• _EXERCISE OBJECTIVE_: Going down the data below, set down exactly the line with "144 Peridot Dr., Statesville, NC 28625" and each line after it through the line with "Le Mur de Berlin, espace"; no other lines.

• _GIVEN DATA_:
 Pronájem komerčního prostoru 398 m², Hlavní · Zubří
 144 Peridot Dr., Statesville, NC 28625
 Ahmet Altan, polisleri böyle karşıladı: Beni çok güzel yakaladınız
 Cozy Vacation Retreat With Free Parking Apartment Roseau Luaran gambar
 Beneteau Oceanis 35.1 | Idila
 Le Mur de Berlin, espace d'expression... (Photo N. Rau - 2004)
==
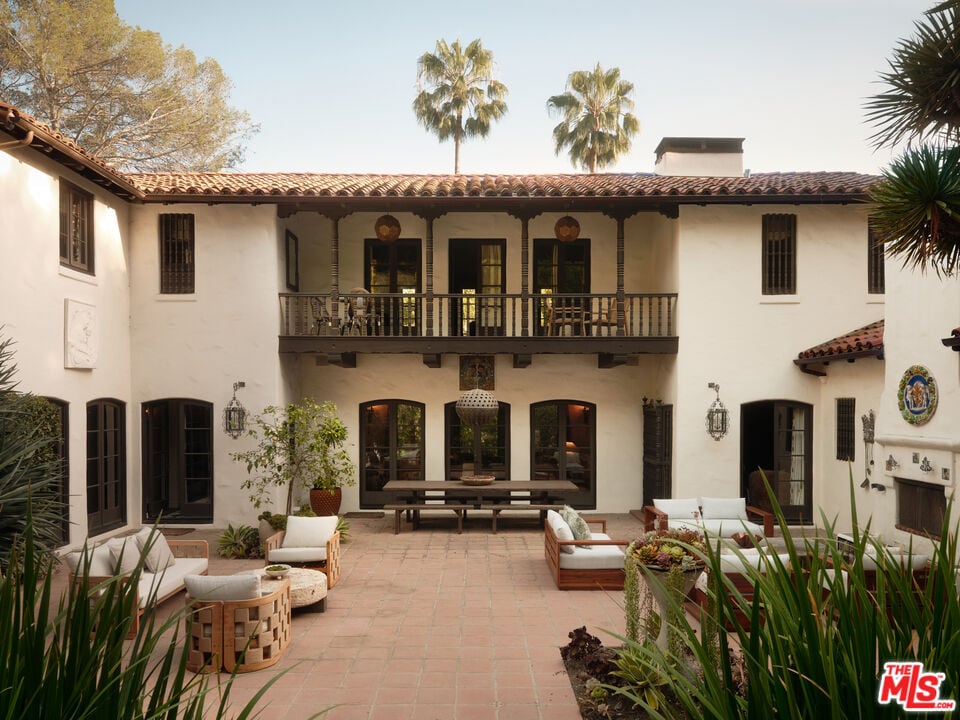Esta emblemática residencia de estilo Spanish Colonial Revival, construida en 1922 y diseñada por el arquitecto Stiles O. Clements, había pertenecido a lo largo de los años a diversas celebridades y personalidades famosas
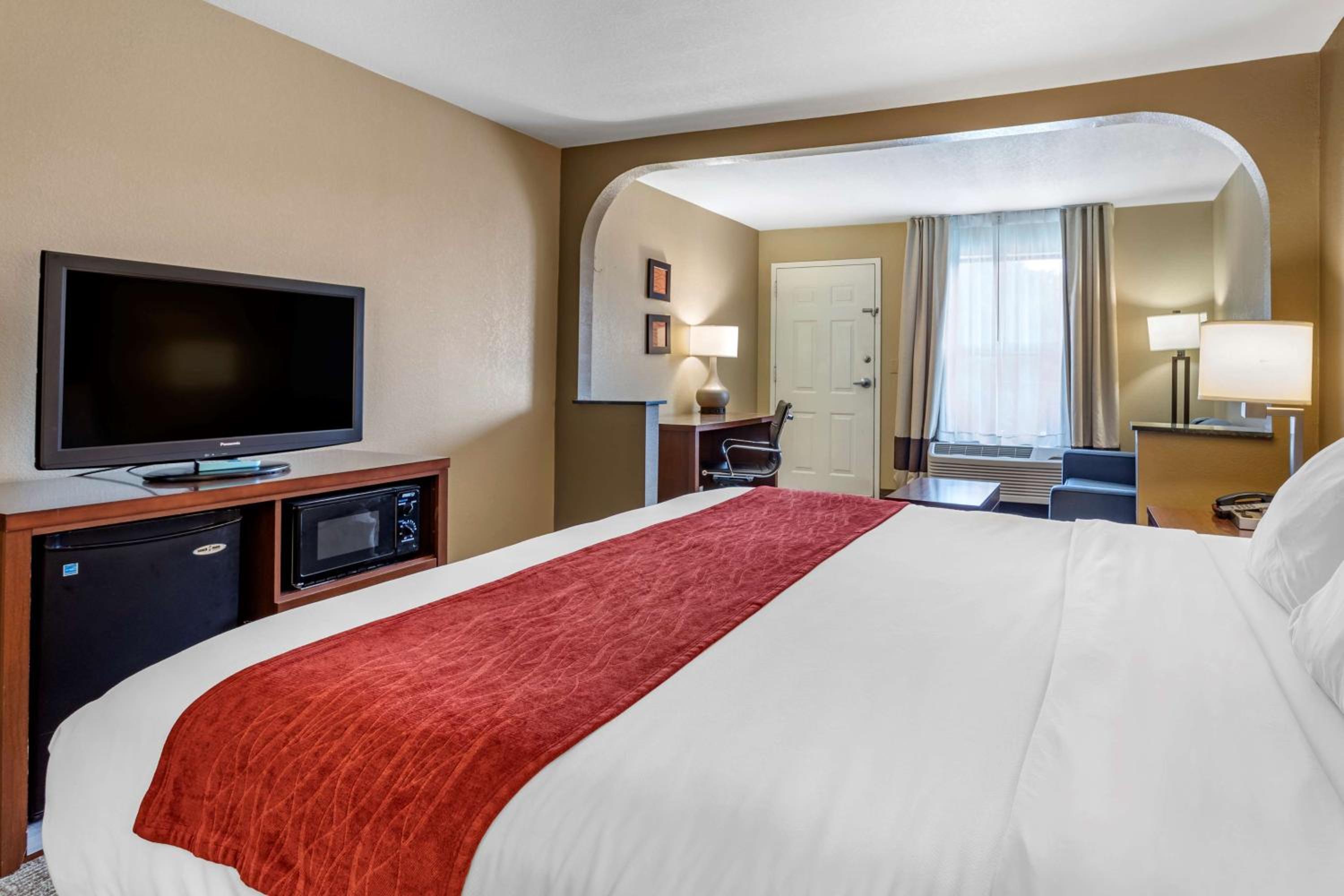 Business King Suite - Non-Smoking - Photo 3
---
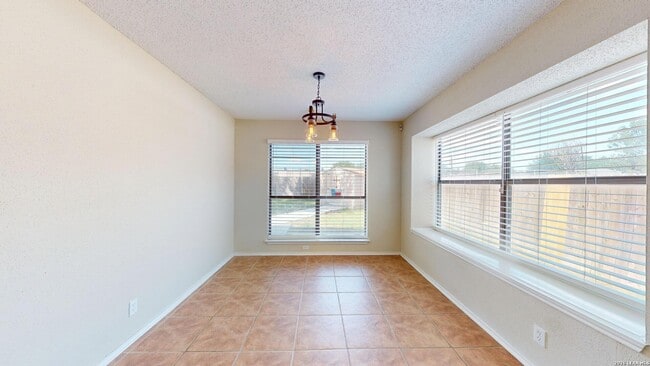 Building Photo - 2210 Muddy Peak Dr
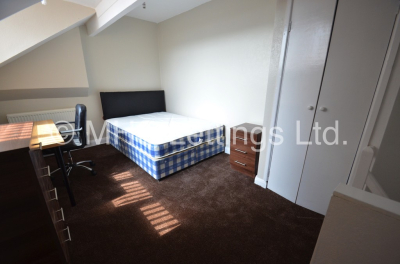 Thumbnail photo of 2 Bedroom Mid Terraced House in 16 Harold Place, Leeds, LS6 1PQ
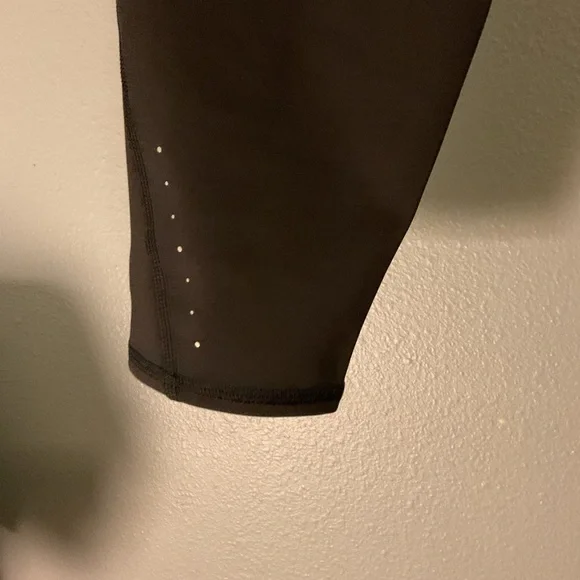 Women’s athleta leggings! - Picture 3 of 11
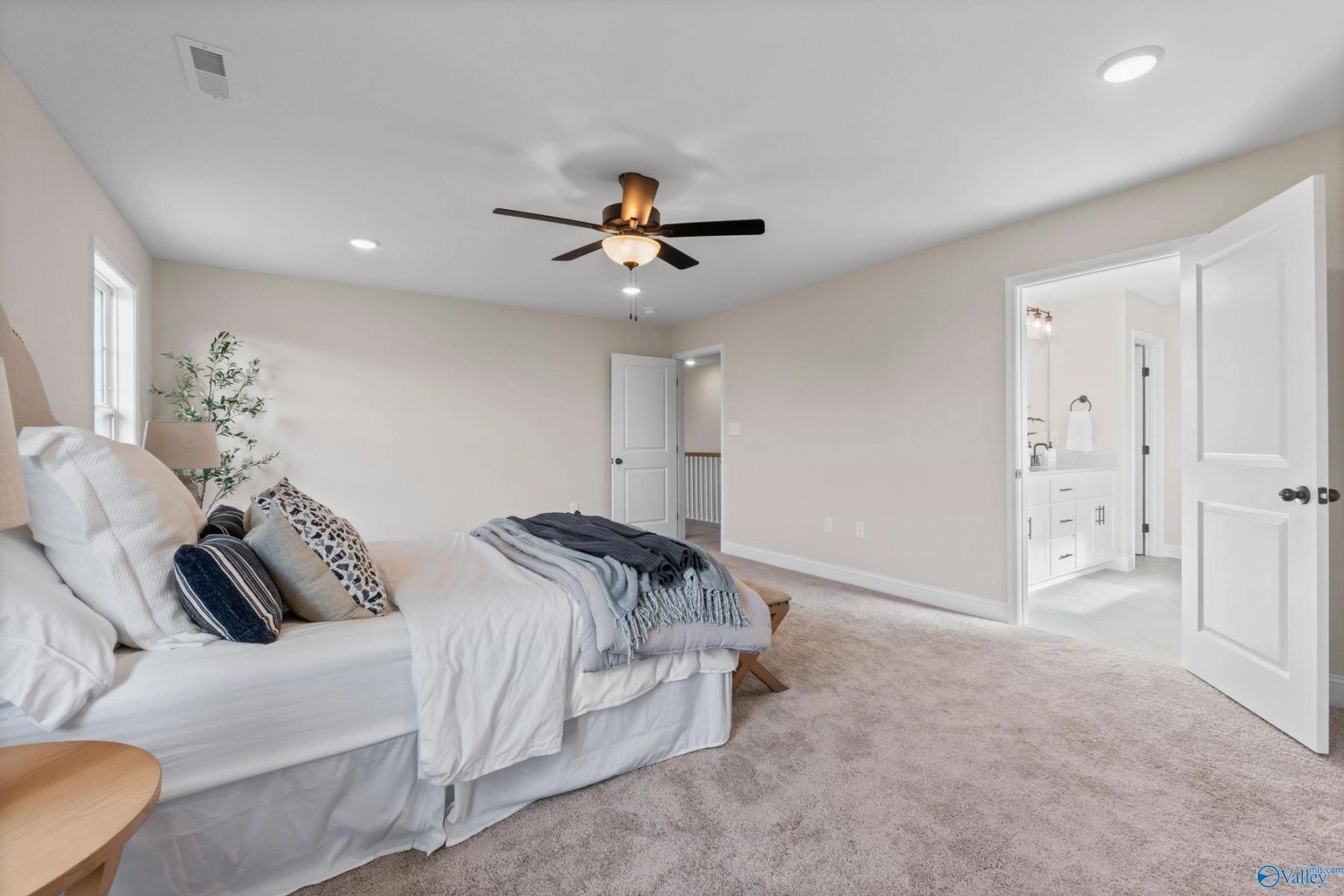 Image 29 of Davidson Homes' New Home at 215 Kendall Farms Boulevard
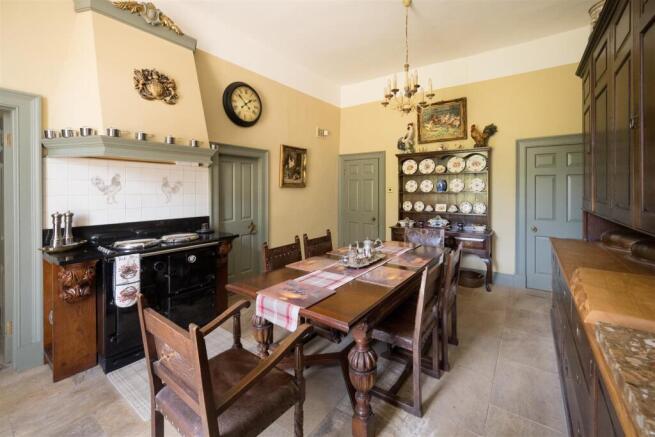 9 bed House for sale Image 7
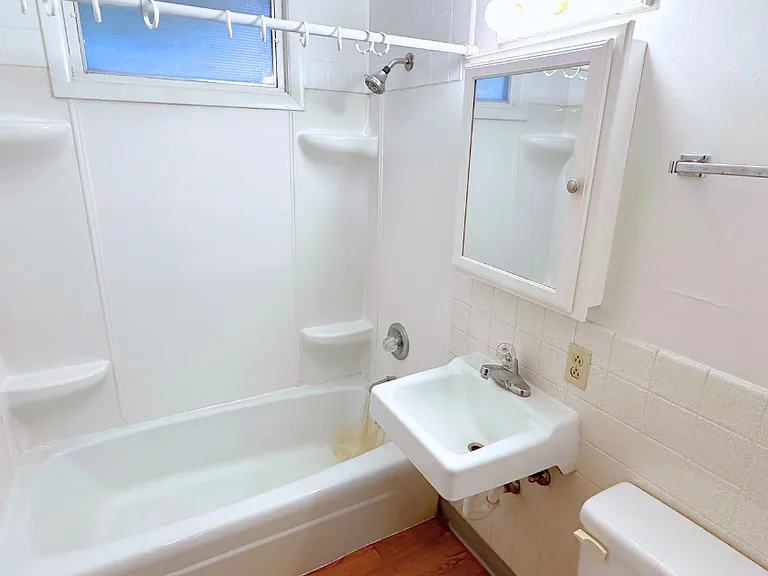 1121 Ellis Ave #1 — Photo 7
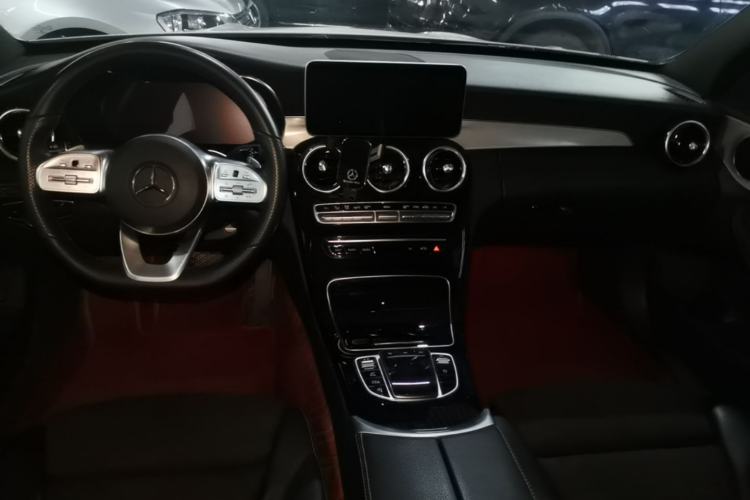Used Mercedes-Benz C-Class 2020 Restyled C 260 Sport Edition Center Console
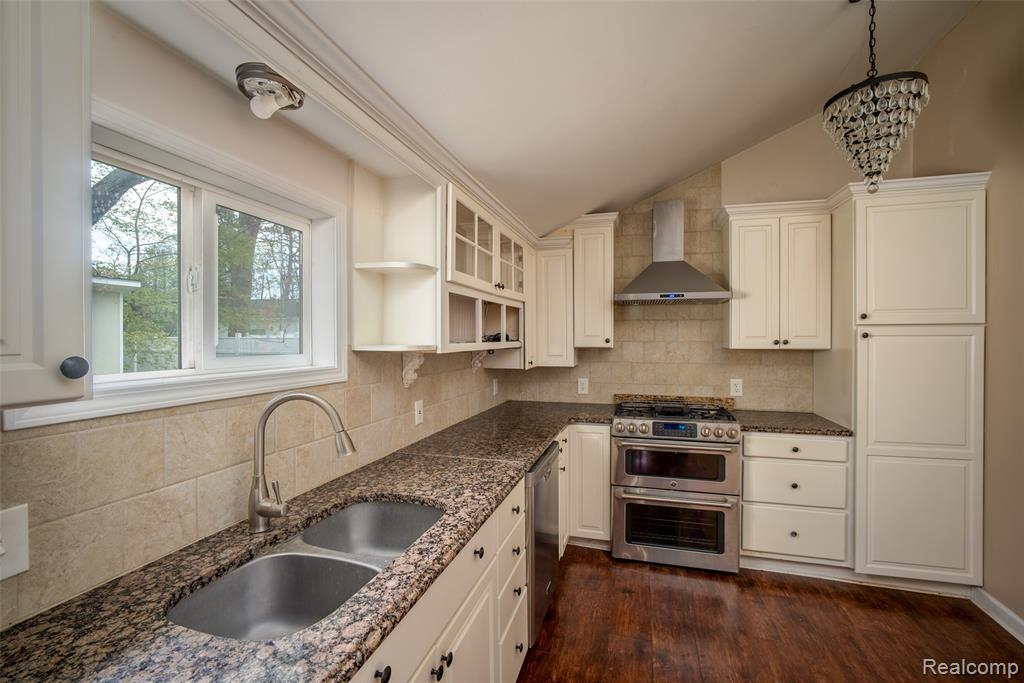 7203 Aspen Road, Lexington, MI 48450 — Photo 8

• _WRITTEN SOLUTION_:
 144 Peridot Dr., Statesville, NC 28625
 Ahmet Altan, polisleri böyle karşıladı: Beni çok güzel yakaladınız
 Cozy Vacation Retreat With Free Parking Apartment Roseau Luaran gambar
 Beneteau Oceanis 35.1 | Idila
 Le Mur de Berlin, espace d'expression... (Photo N. Rau - 2004)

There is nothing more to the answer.